Assises sur la place de la Maternelle de demain

Assises sur la place de la Maternelle de demain

L’annonce surprise, mardi 27 mars, par Macron d’une « scolarité obligatoire » à partir de 3 ans dès la rentrée 2019 devant un parterre réuni par Boris Cyrulnik sans que les enseignants n’aient d’ailleurs été associés à sa préparation, n’est pas forcément une bonne nouvelle.

Surtout quand un rapport remis à Edouard Philippe par France Stratégie (cabinet de prospective rattaché au premier ministre) préconise un accueil spécifique des « tout petits » de 1 à 5 ans, et que le rôle des ATSEM est valorisé au point qu’on s’interroge sur leur prochaine substitution aux enseignants.

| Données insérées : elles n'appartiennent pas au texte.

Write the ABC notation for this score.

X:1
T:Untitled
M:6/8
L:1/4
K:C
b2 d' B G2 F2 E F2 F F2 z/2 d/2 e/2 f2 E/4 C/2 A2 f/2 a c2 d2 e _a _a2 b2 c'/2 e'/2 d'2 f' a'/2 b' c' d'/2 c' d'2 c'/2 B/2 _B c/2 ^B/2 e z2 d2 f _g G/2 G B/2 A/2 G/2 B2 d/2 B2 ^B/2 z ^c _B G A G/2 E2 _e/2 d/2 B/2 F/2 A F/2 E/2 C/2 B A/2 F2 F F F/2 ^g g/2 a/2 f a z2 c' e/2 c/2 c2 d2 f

Entendons-nous bien : s’il s’agit de valoriser le travail des ATSEM et de parfaire leur formation, nul ne peut le regretter. Cependant on ne peut s’empêcher de mettre cette annonce en relation avec le décret du 1er mars, relatif aux missions des ATSEM,  étape vers la transformation des écoles maternelles en jardin d’éveil. Ce décret prévoit notamment :

« Les agents territoriaux spécialisés des écoles maternelles appartiennent à la communauté éducative. Ils peuvent participer à la mise en oeuvre des activités pédagogiques prévues par les enseignants et sous la responsabilité de ces derniers. Ils peuvent également assister les enseignants dans les classes ou établissements accueillant des enfants à besoins éducatifs particuliers. »

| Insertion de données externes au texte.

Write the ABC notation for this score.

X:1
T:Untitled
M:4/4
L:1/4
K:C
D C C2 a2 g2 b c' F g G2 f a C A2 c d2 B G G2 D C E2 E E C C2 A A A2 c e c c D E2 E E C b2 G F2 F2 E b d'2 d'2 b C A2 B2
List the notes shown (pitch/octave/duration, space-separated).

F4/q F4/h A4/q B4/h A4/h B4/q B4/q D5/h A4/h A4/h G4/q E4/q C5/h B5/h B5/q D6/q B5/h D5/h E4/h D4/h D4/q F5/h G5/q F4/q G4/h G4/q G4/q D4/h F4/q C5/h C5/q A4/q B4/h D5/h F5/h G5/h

Pour la 1ère fois des missions de « mise en oeuvre des activités pédagogiques » ne relèveront plus de l’Education nationale mais sont placées sous l’autorité des collectivités territoriales.

Quelle que soit la précaution oratoire prise : « (…) prévues par les enseignants et sous la responsabilité de ces derniers. » la modification est fondamentale et retire à l’Education nationale sa prérogative.

De plus il est confirmé, alors que la politique ministérielle de l’inclusion scolaire s’est mise en place, que les ATSEM pourront être utilisés en lieu et place des AVS pour « assister les enseignants dans les classes ou établissements accueillant des enfants à besoins éducatifs particuliers. » aujourd’hui à la charge du ministère de l’Education nationale.

C’est un transfert de compétence qui s’inscrit dans la logique des décrets Peillon Hamon Blanquer sur les rythmes scolaires et qui confirme le danger que représentent ces Assises de la Maternelle. C’est la logique de l’abandon de missions que le ministre de l’Action et des Comptes publics veut imposer dans le cadre de CAP-2022.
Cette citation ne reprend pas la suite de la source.